A tall tail tale
By Kate Lunau - Thursday, September 8, 2011 - 0 Comments
After she lost her tail, Winter the dolphin is now a movie star
Aquariums aren’t generally the sorts of places to host a red-carpet movie screening, but on Sept. 21, Florida’s Clearwater Marine Aquarium will be an exception, and with good reason: one of its residents is a movie star. Winter the dolphin appears alongside Morgan Freeman, Ashley Judd and Harry Connick Jr. in the upcoming film Dolphin Tale, which tells the true story of Winter—a dolphin with a prosthetic tail.
Rescued after she got wrapped up in a crab-trap line at just three months old, Winter lost her tail and two vertebrae.
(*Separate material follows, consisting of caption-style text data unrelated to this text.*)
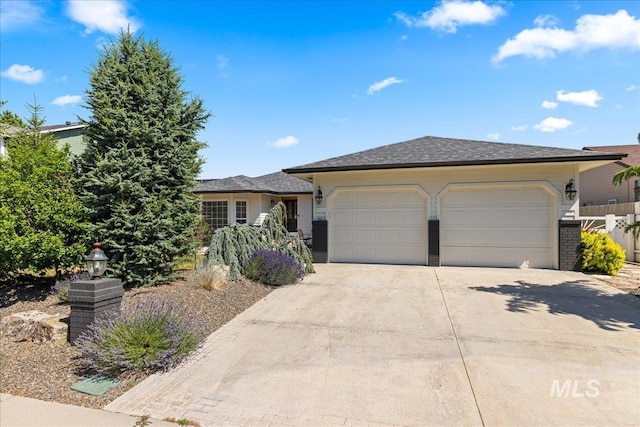 1902 E Birchwood Dr, Eagle, ID 83616 - view of front of home featuring driveway and an attached garage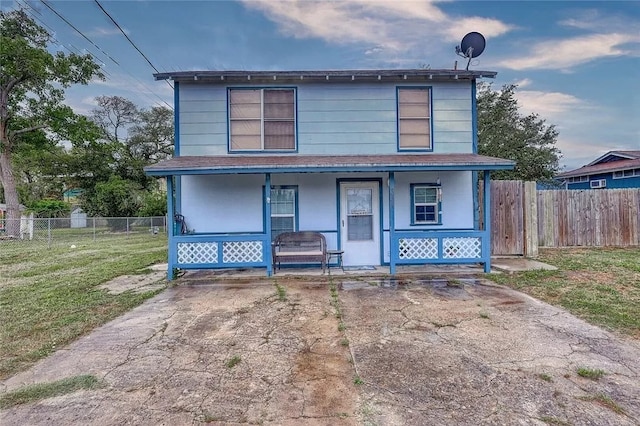 view of front of home with a front lawn and covered porch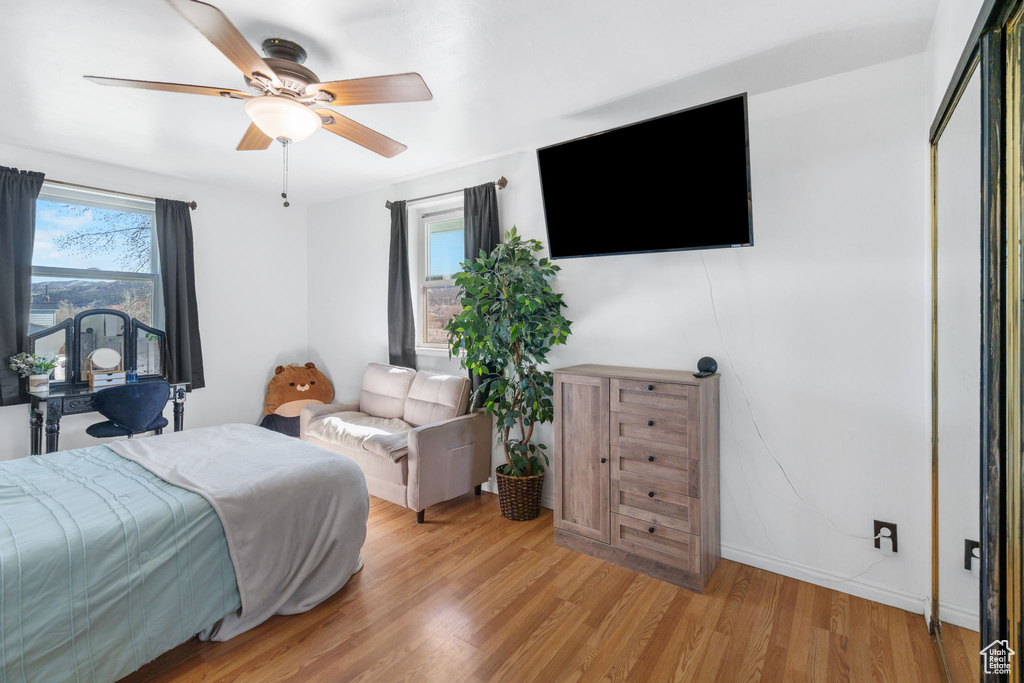 Bedroom with multiple windows, ceiling fan, and light hardwood / wood-style floors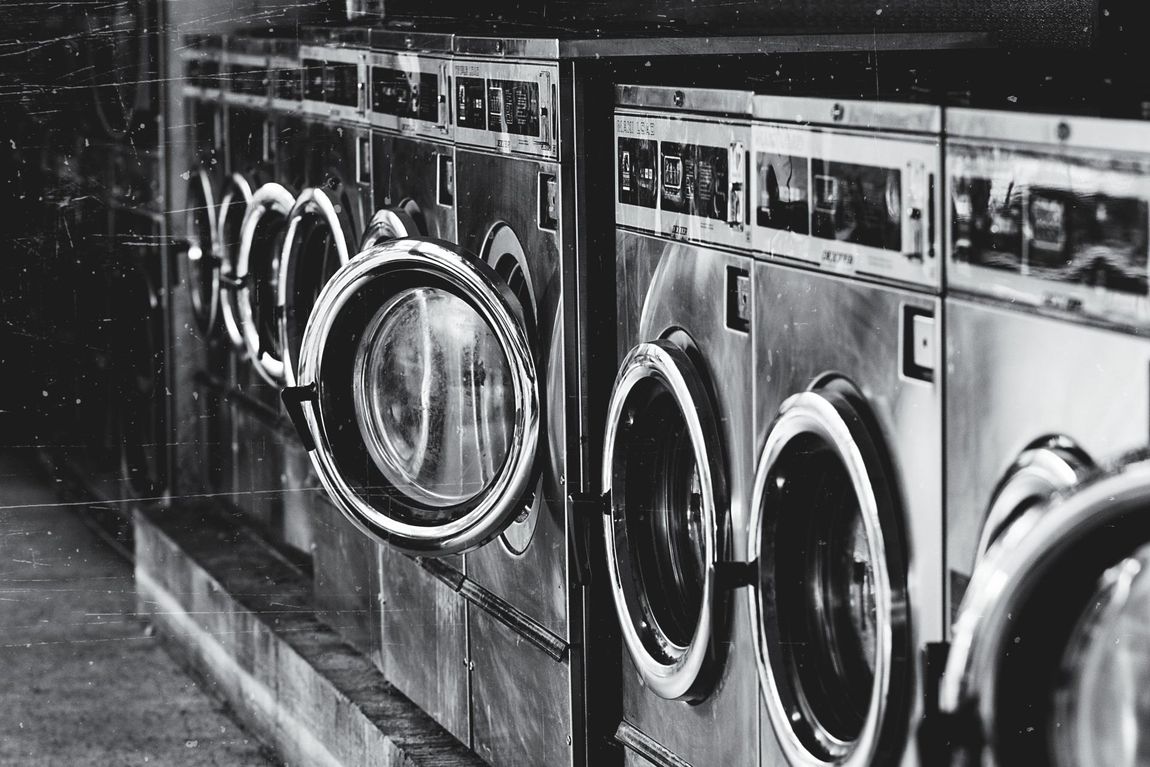 black and white photo of a laundry mat filled with old washing machines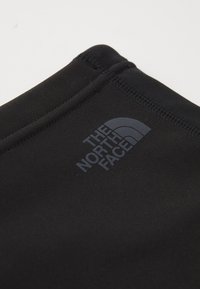 Sort stof med The North Face-logoet trykt nær den stiknede kant.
Transported to the aquarium, she underwent intense rehabilitation—and was fitted for a prosthetic tail attached by a stretchy plastic sleeve, like those designed for human use. “She learned on her own to swim in a new way,” says David Yates, the aquarium’s CEO.
The plucky dolphin is already a star attraction at the Clearwater aquarium, and with the release of the film, attendance should boom. “Every aquarium in the country says it’s hopeless,” one grim-faced character says in the preview, and another replies: “Well, they haven’t met Winter yet.” No word yet on whether Winter’s castmates will show up for the aquarium screening.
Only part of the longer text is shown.